Autumn does not signal the end of blooming flowers. There are a number of late-bloom plants that provide colour and fragrance to autumn gardens. Chrysanthemums, gladiolus and cockscombs all bloom in the fall. These autumn flowers will tolerate cooler temperatures and mild frosts.
Chrysanthemums will bloom in late summer until the first hard frost or freeze of late autumn. They are propagated by seeds, cuttings or plant divisions. Chrysanthemums are easy to care for with regular watering and fertilisation. They come in a wide variety of colours ranging from white to pink, purple to red and yellow to orange. The blossoms are typically rounded but a few varieties have flat, daisy like blooms.
Gladiolus are easy to care for flowers. They are propagated by corms: bulblike structures.

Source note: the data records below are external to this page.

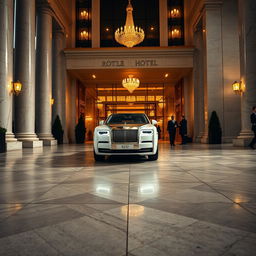 Wide-angle shot of a luxurious, sweeping driveway leading up to a grand five-star hotel with marble columns and golden accents on the building’s facade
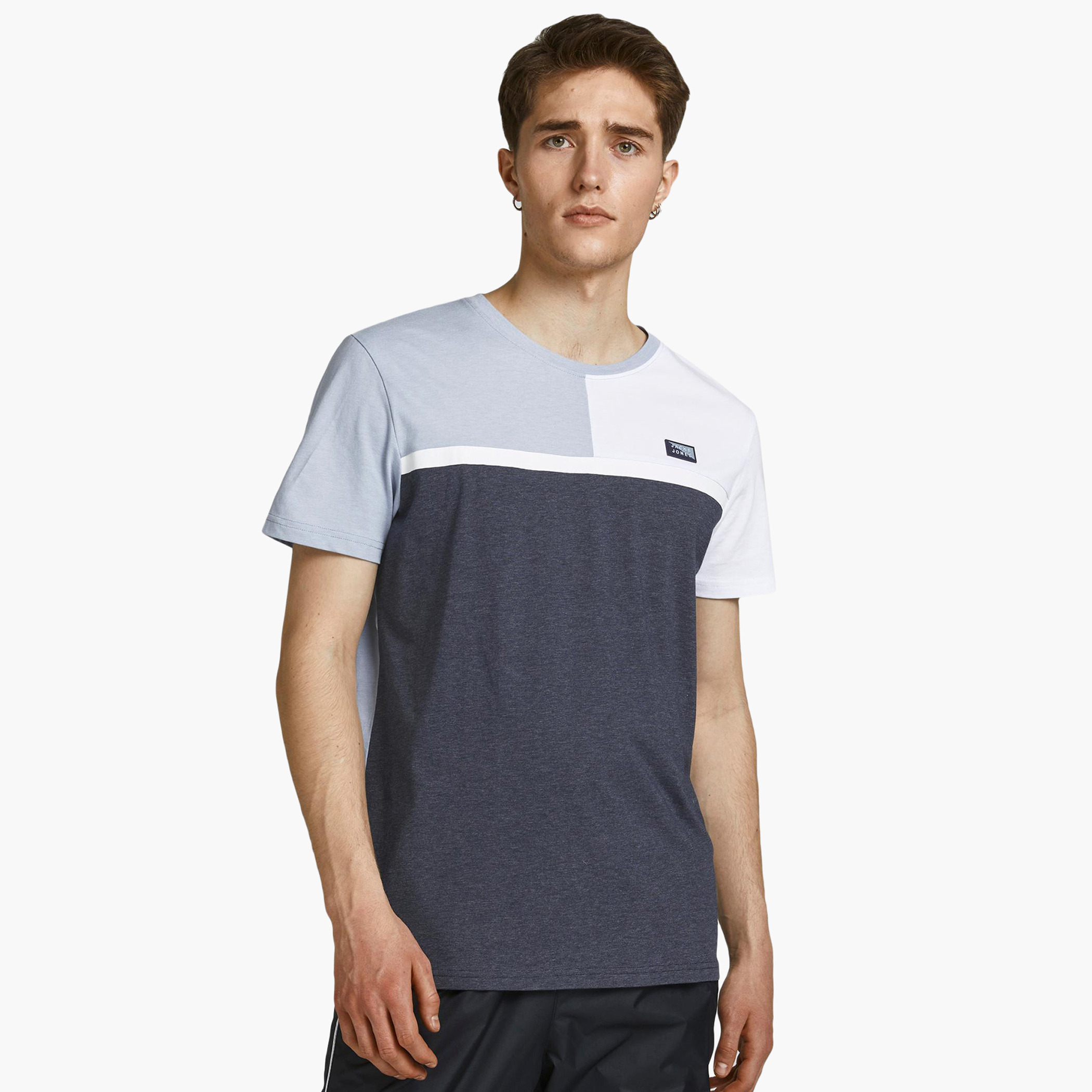Jack & Jones Men Cotton Solid Blue T-Shirt-men-clothing-tshirtsandpolos-tshirts-image-1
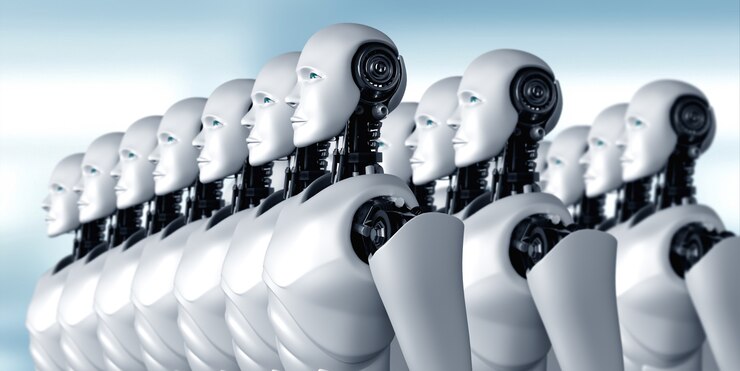 Photo 3d illustration of robot humanoid group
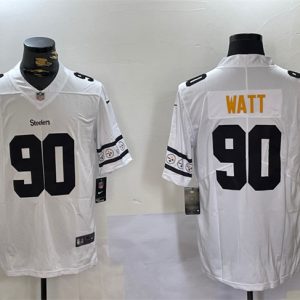 Pittsburgh Steelers #90 T.J. Watt White 2019 Team Logo Cool Edition Stitched Jersey
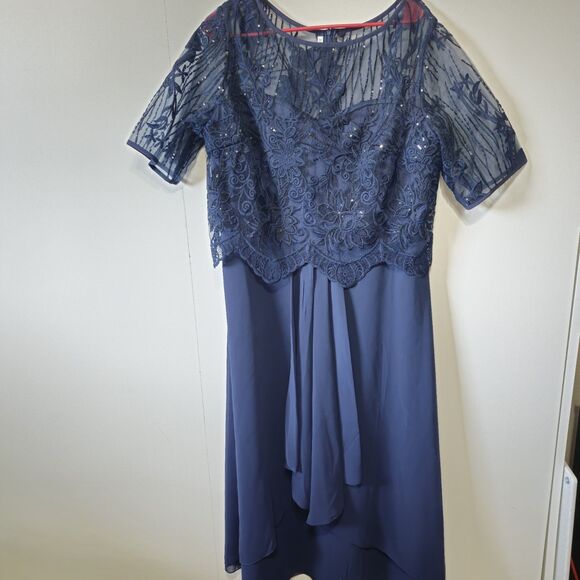 Dresses & Skirts - Navy Blue Formal Dress XL Lace Sequin Chiffon Wedding Guest Mother Elegant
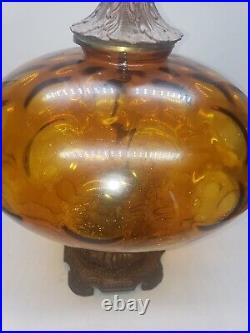 Vintage Optical Amber Glass Dimpled Brass Hollywood Regency Table Lamp 28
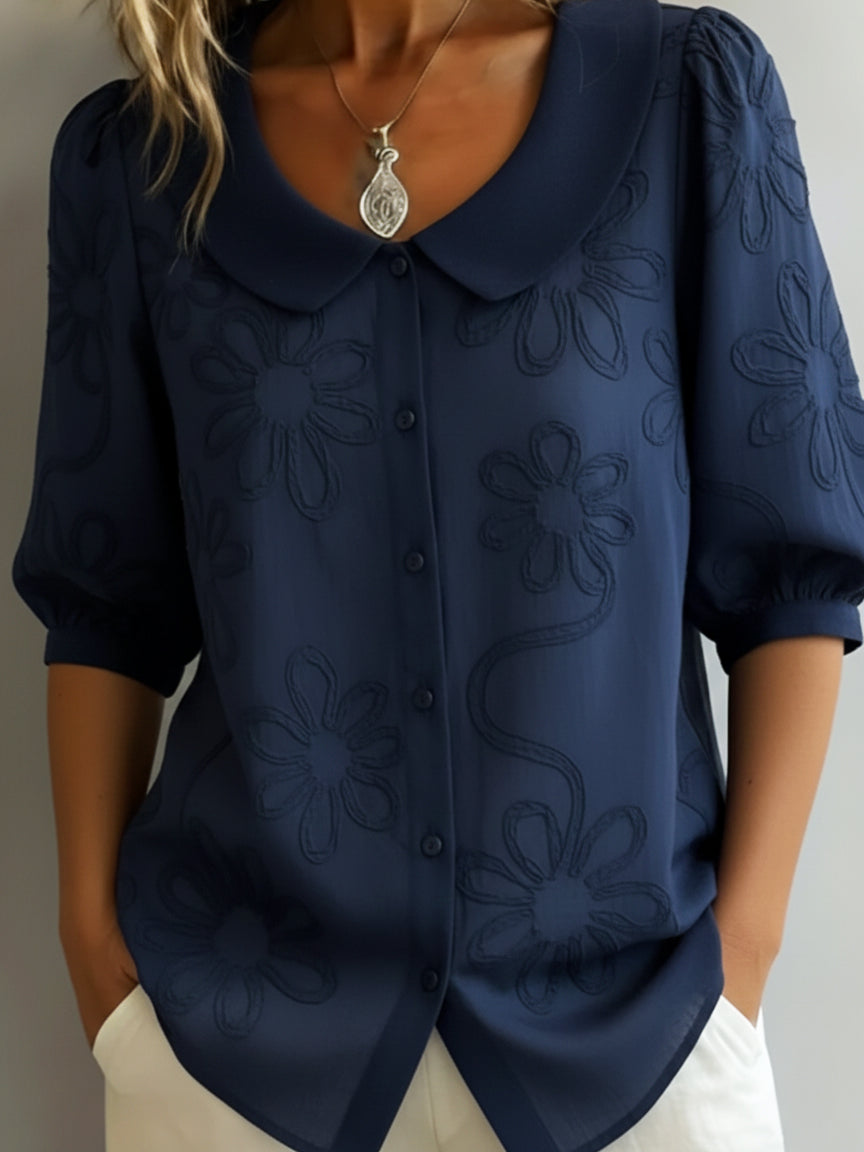 Zélie™ | Light Floral Blouse Natural Elegance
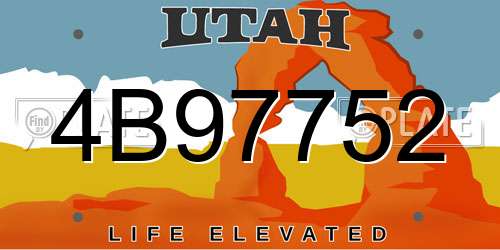 4B97752 Utah License Plate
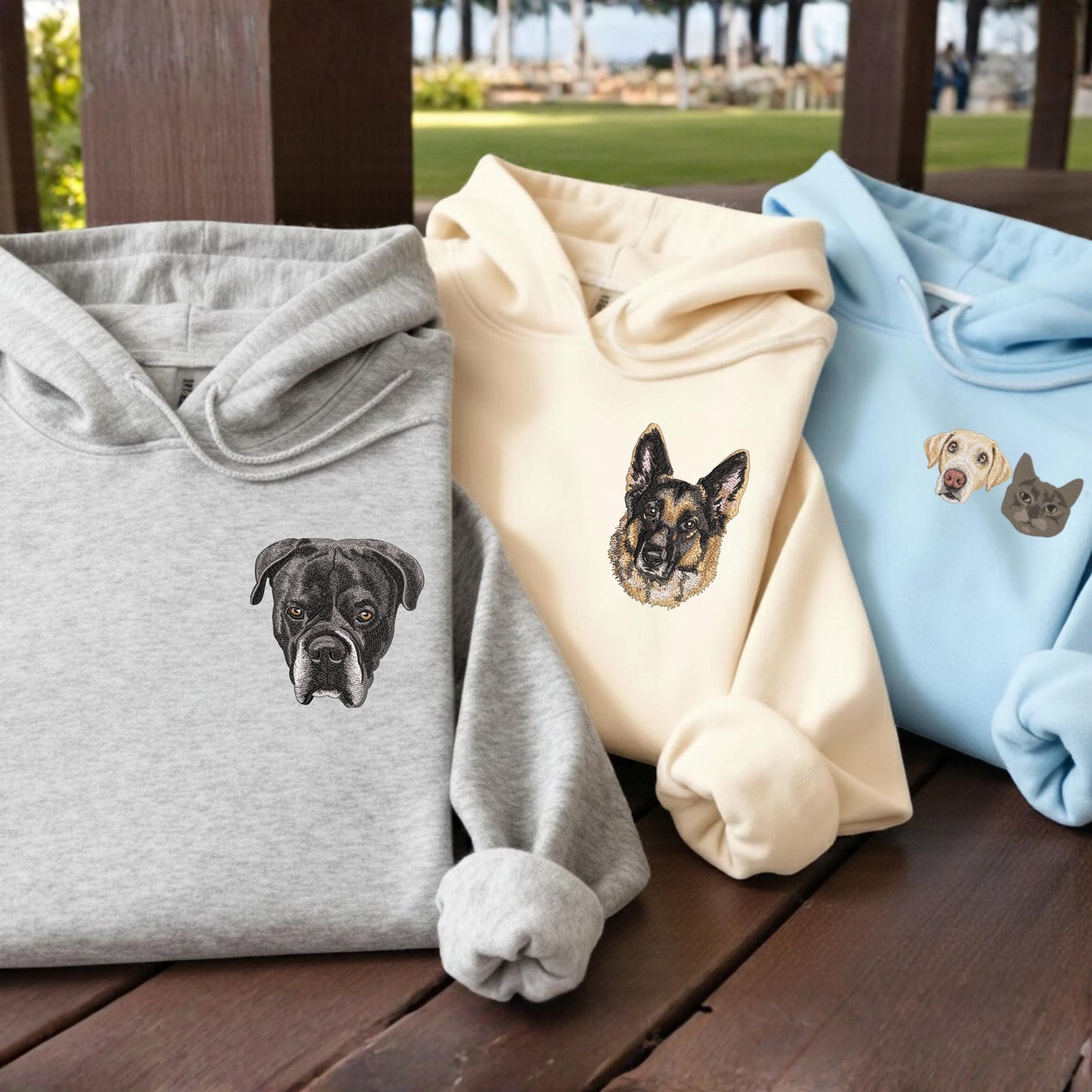 Custom Pet Portrait Embroidered Sweatshirt: Personalized Dog Memorial Gift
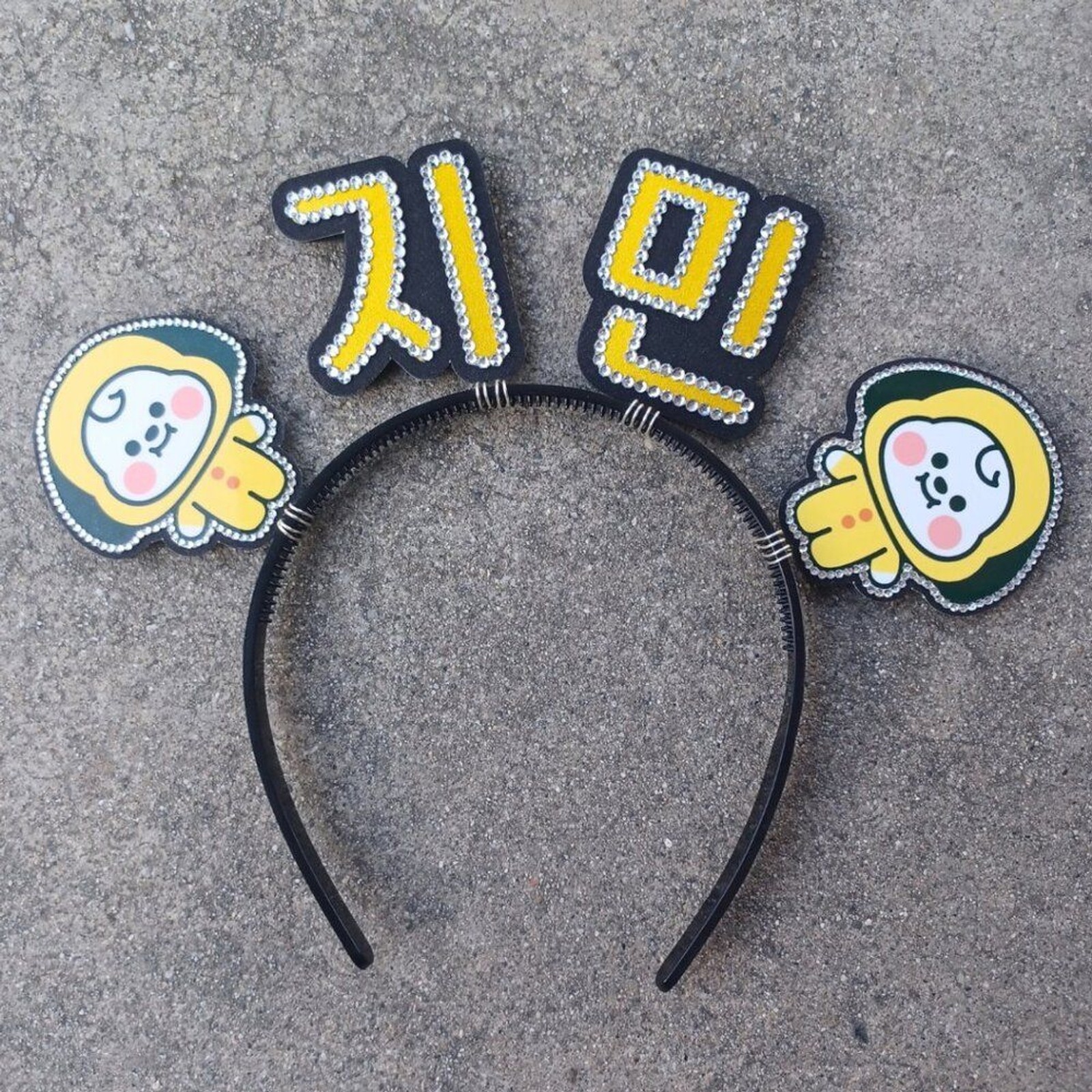 Jimin BTS Headband KPOP Rhinestone Hair Banner Hangul Name Handmade
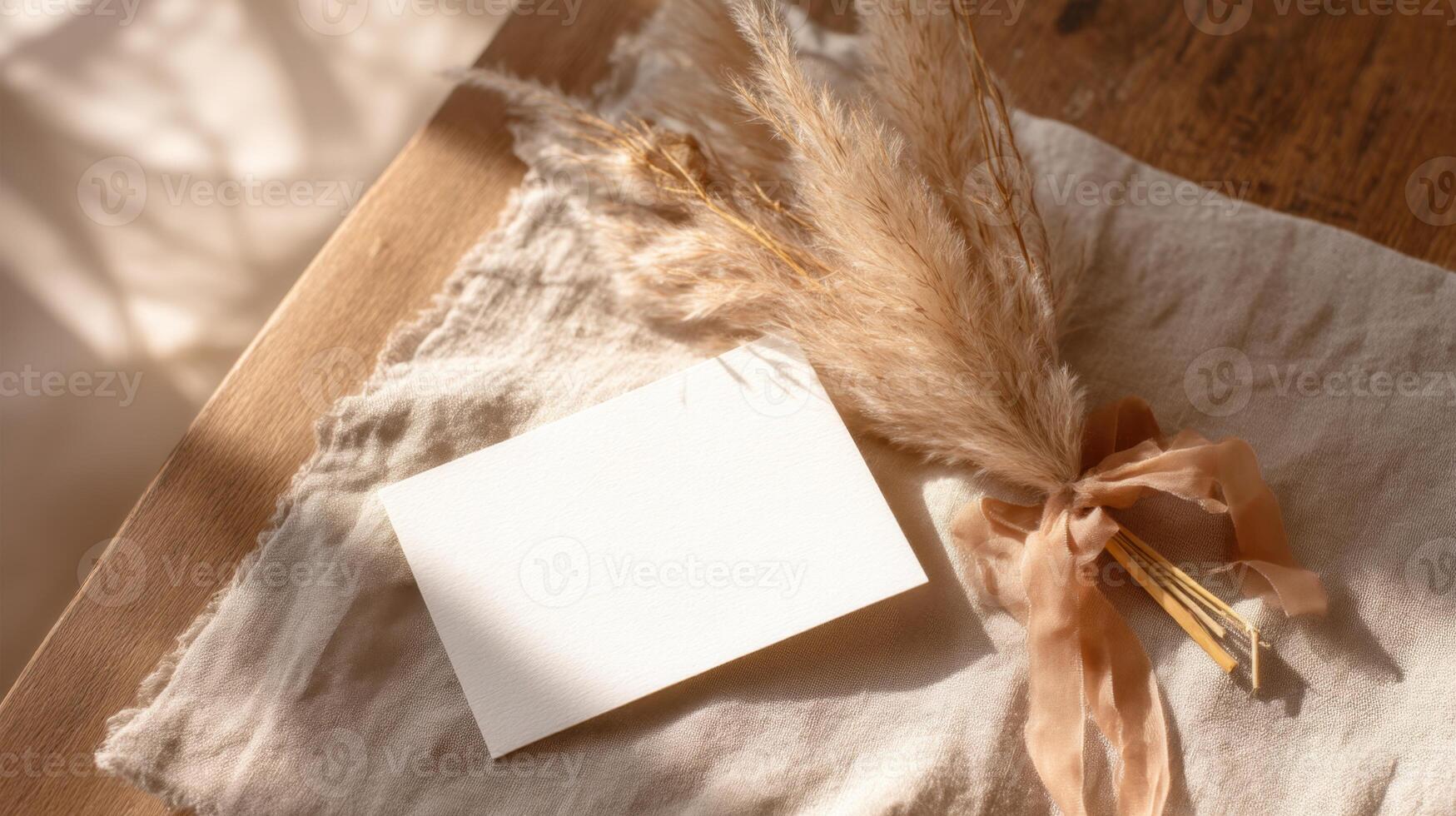 Elegant flat lay featuring a blank card, pampas grass, and soft ribbon on a linen cloth, all bathed in warm sunlight creating a natural scene. photo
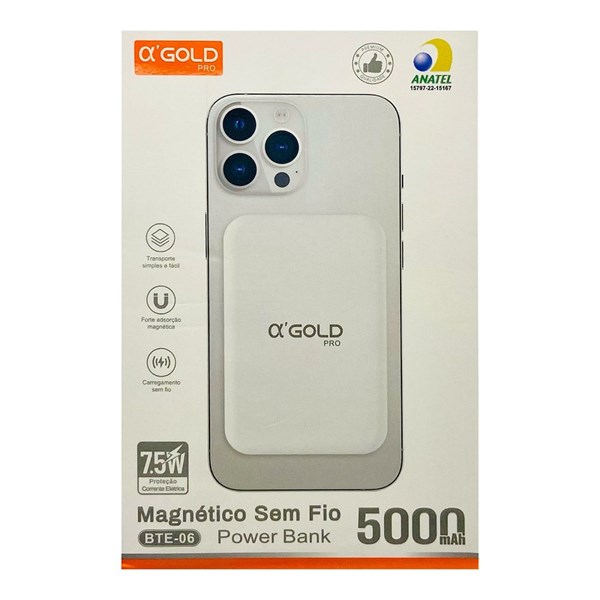 BATERIA PORTÁTIL MAGNÉTICA (MEGSAFE) 5000 MAH - GOLD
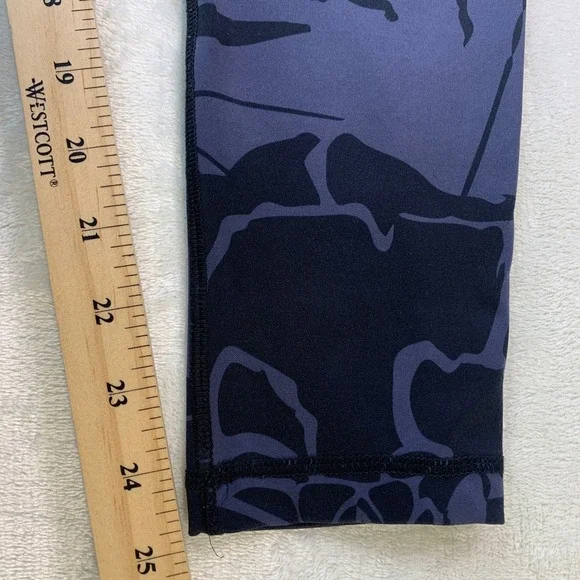 Adidas Womens Leggings Optime‎ Flower Print 7/8 Black Blue Athletic High Waist M - Picture 9 of 10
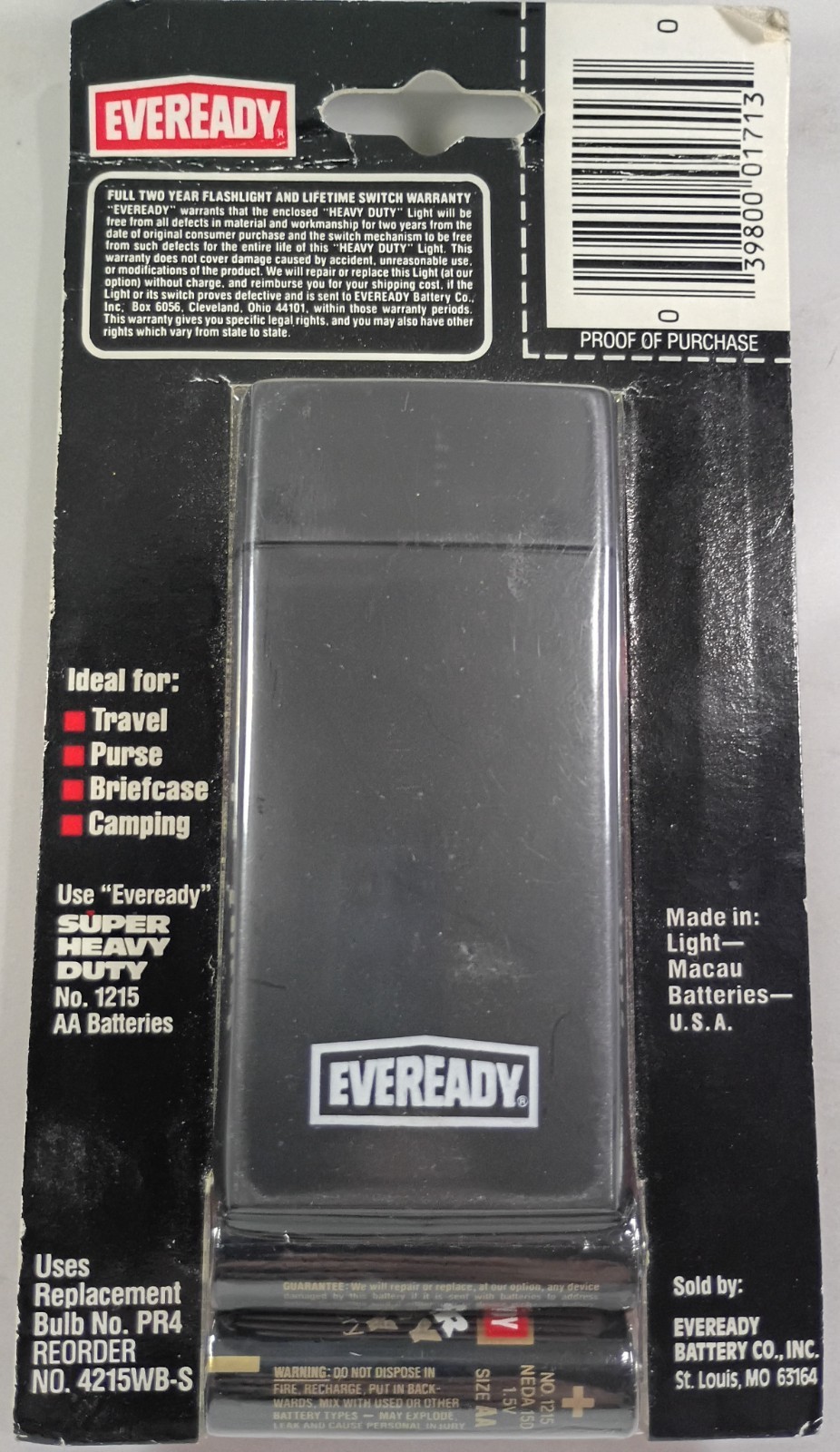 Eveready Compact Light With Super Heavy Duty Batteries Flashlight NEW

Gladiolus are planted in the late spring for late summer through fall blooms. There is an enormous array of colours and colour combinations available. The only colour not available is blue. Gladiolus will die back after a hard freeze. Dig the bulbs to store over winter for use the next growing season.
Cockscomb is so named because many of the blooms resemble the comb of a rooster. There is one variety that appears feathery. Both come in bright red, pink, yellow and orange blooms. Cockscomb is an annual that is propagated by seed. It is best to start them in a greenhouse and transplant the seedlings into a flower bed. Cockscomb grows up to 3 feet tall.